Robotics and AI vision company

Orbbec (officially Orbbec Inc.) is a Chinese technology company specializing in the design and manufacture of 3D vision sensors, AI algorithms, and visual perception solutions. Founded in 2013 and headquartered in Shenzhen, China, with significant operations in Troy, Michigan, the company produces a wide range of hardware including structured light, Time of Flight (ToF), LiDAR, and stereo vision cameras. Its technology is widely integrated into diverse industries such as robotics, logistics, healthcare, and retail to enable advanced spatial mapping and human-machine interaction.

==History==

Howard Huang, an engineer working in postdoctoral academic research, founded Orbbec in 2013 with hopes of extending his research into real-world applications. Now in his forties, Huang is the company's largest shareholder, with 27% ownership of the multi-billion dollar firm.

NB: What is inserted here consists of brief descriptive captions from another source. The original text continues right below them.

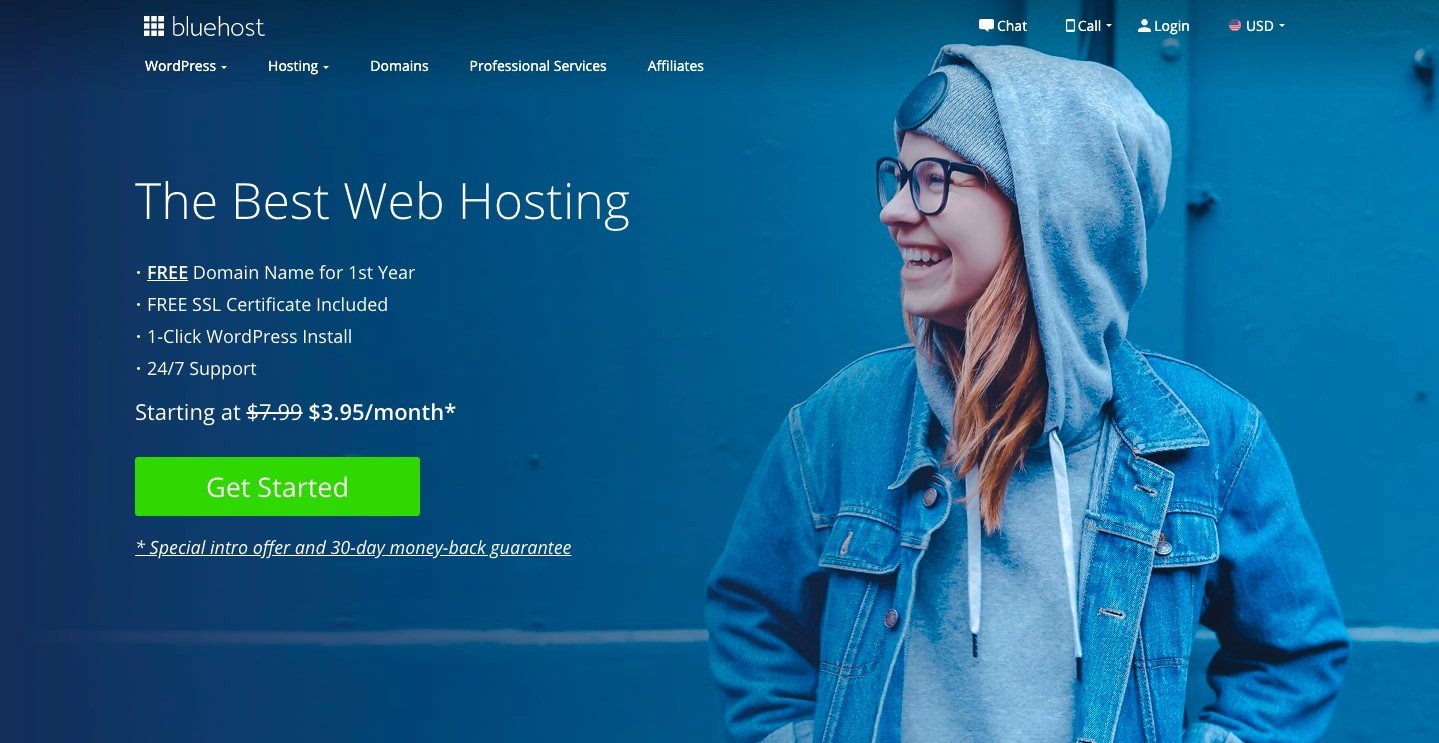 Bluehost about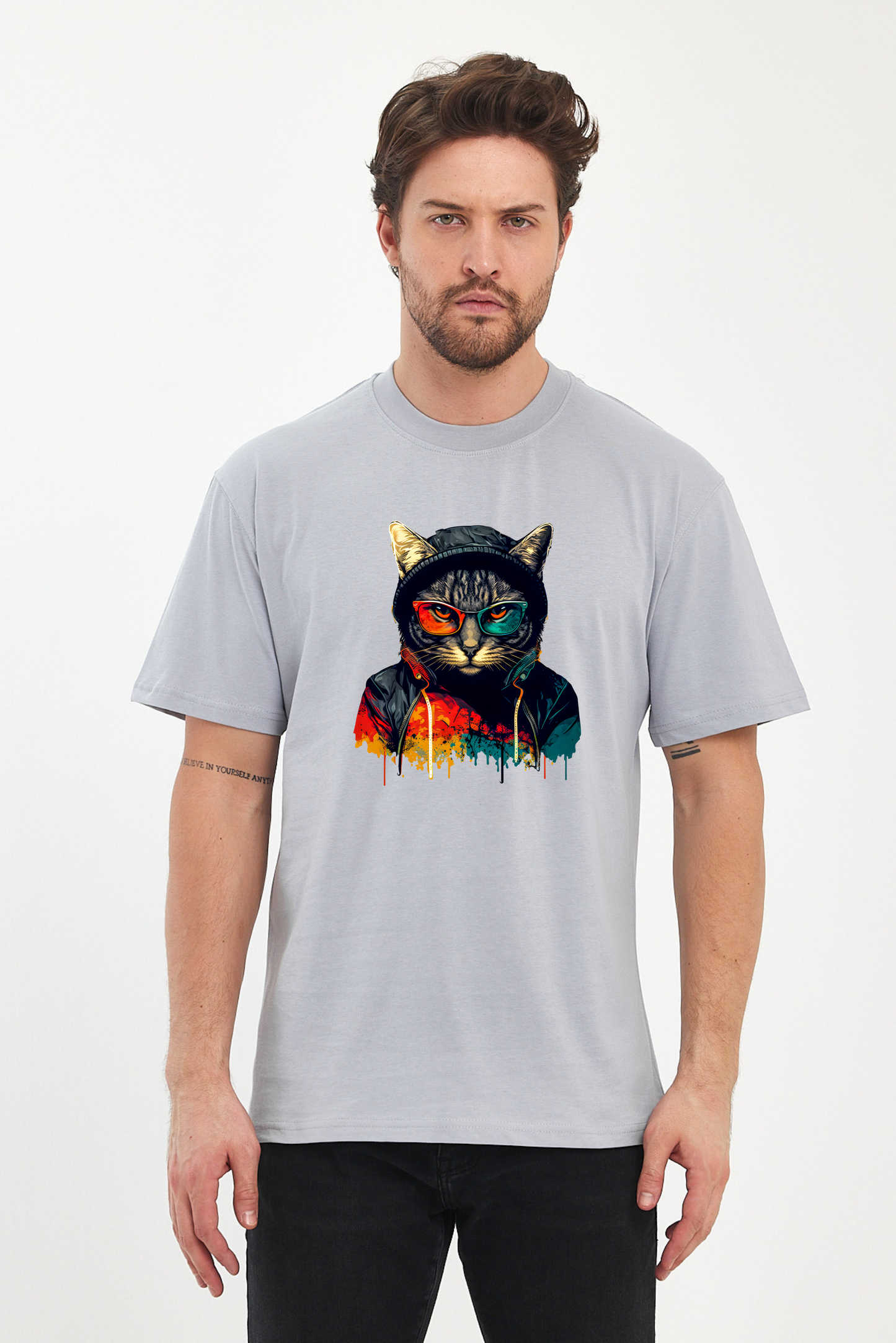 Kedi Baskılı Tshirt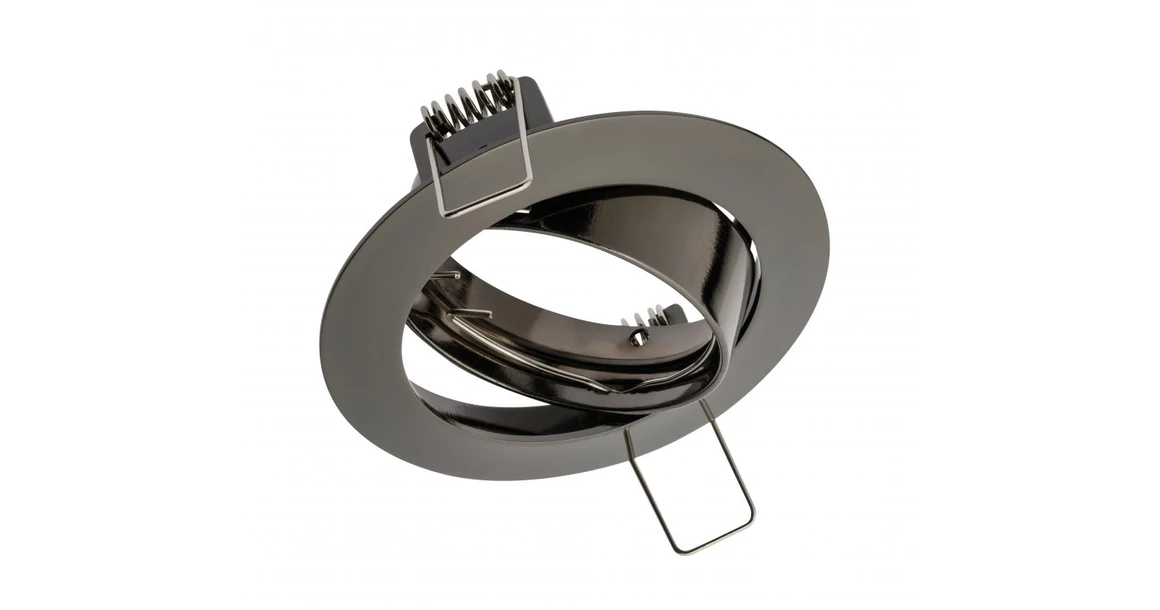 Kép 1/3 - Lámpa Mennyezeti lámpatest PORTO-K, IP20, fekete króm,  Aluminium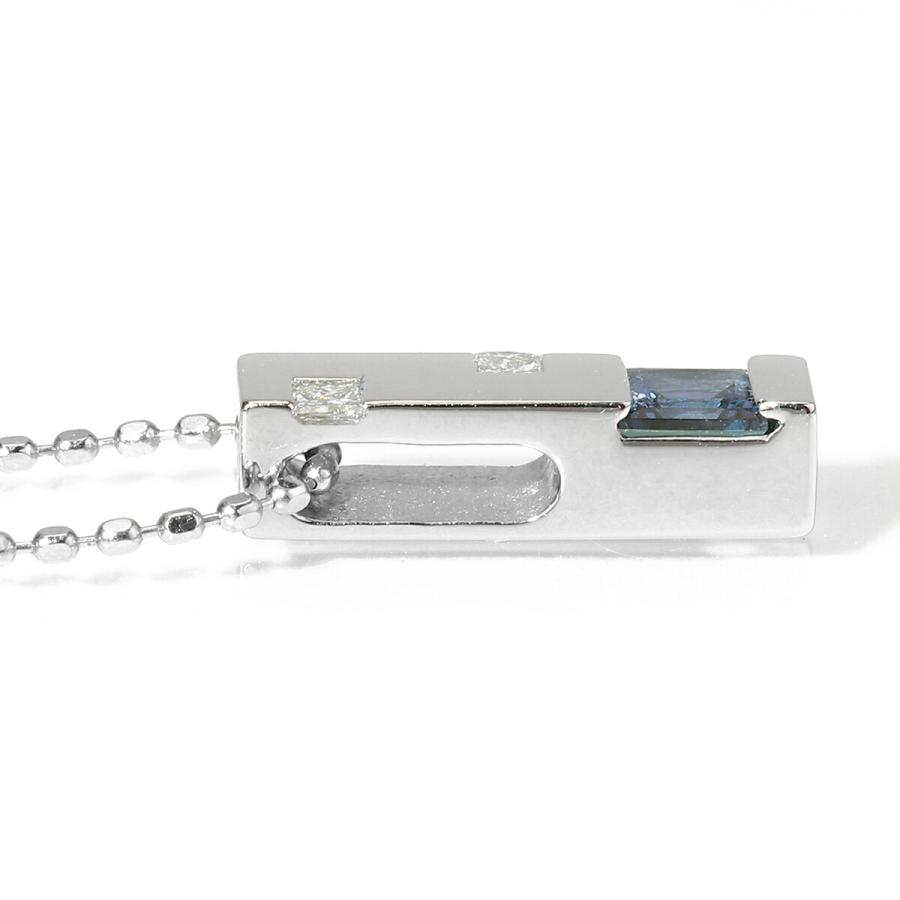 ペンダントネックレス アレキサンドライト 0.23ct ダイヤモンド 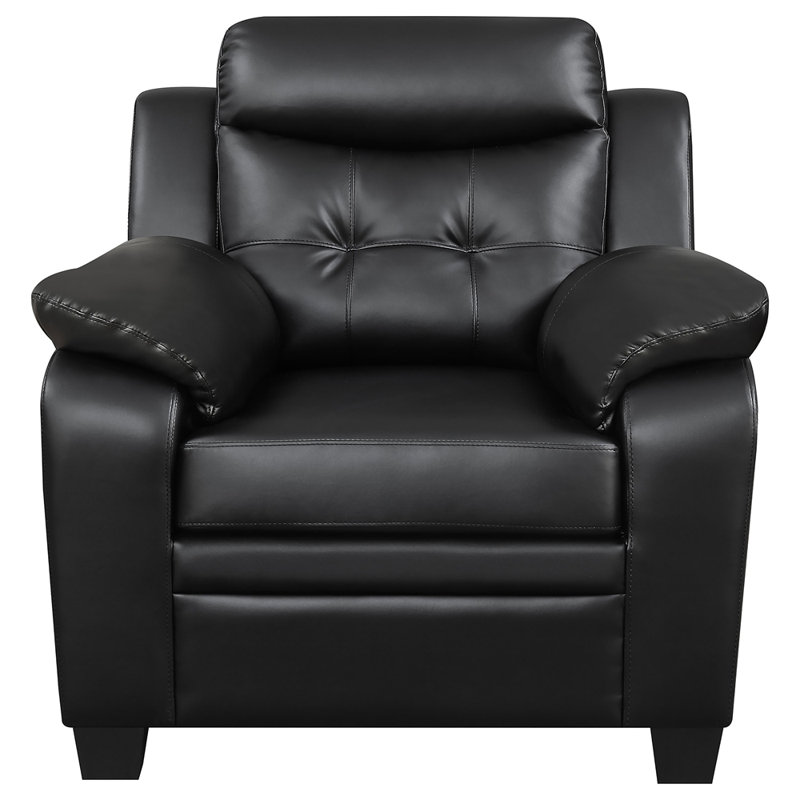 Fauteuil d'appoint rembourré et rembourré Winchell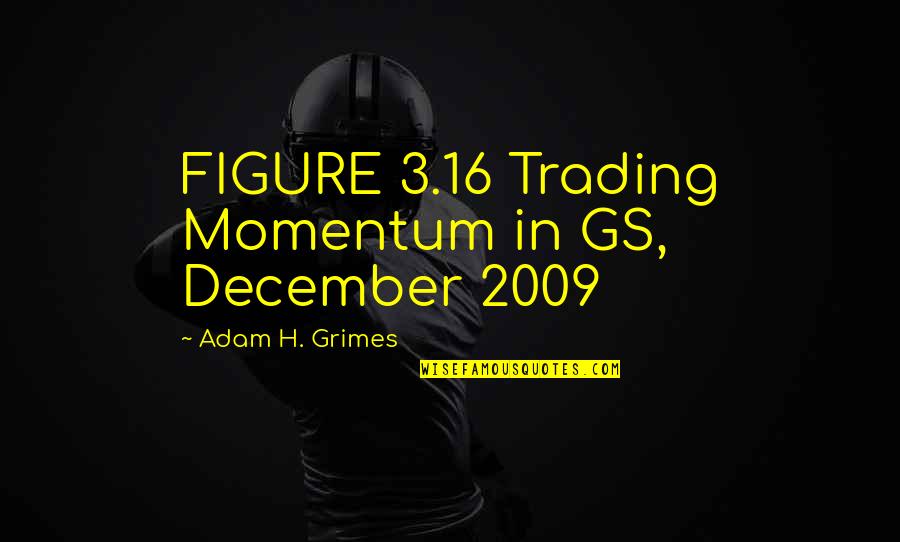 Sunday Blessings Bible Quotes By Adam H. Grimes: FIGURE 3.16 Trading Momentum in GS, December 2009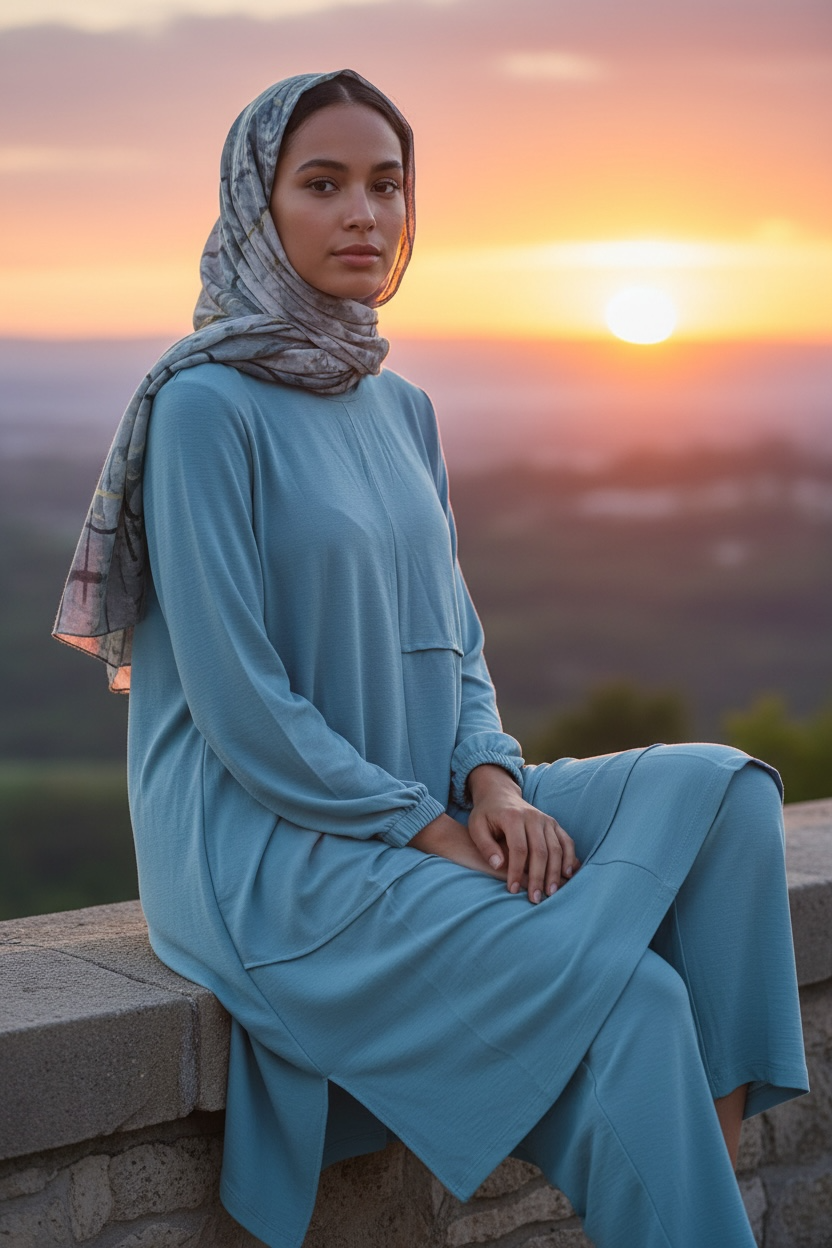 Longline Two-Piece Suit with Pockets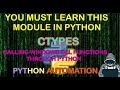 YOU SHOULD LEARN THIS MODULE IN PYTHON - CTYPES. (CALLING WINDOWS DLL FUNCTIONS TO AUTOMATE WINDOWS)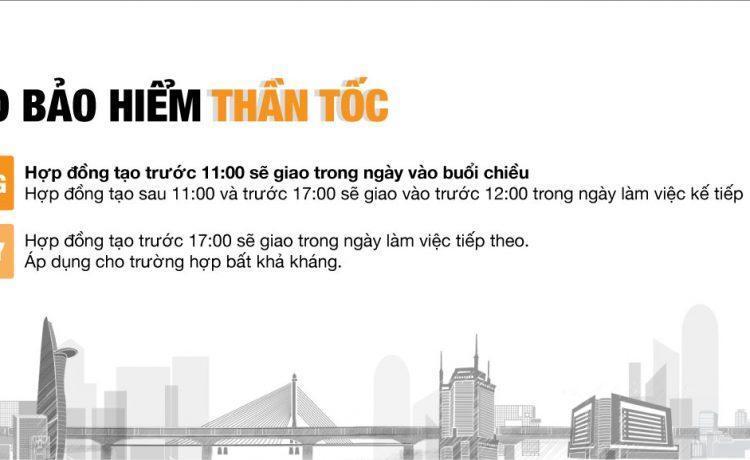 Chứng nhận BH trao tay trong 6 giờ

The company's initial success came in 2017 when it signed a deal with Ant Group to integrate its 3D vision cameras into a facial recognition system for payment transactions with Alipay. In 2018, the company secured a deal with Chinese maker of smartphones Oppo to enable the first Android with 3D facial recognition for biometric authentication.

In 2025, Orbbec received some attention for its role in providing the "eyes" in a bipedal robot called Tien Kung Ultra, which won a 100-meter race against many other robotic competitors at the World Humanoid Robot Games. The company is projected to expand significantly in the global robotics market, with the first nine months of 2025 transitioning to a $9.8 million net profit, after the previous year of more-than-equivalent losses.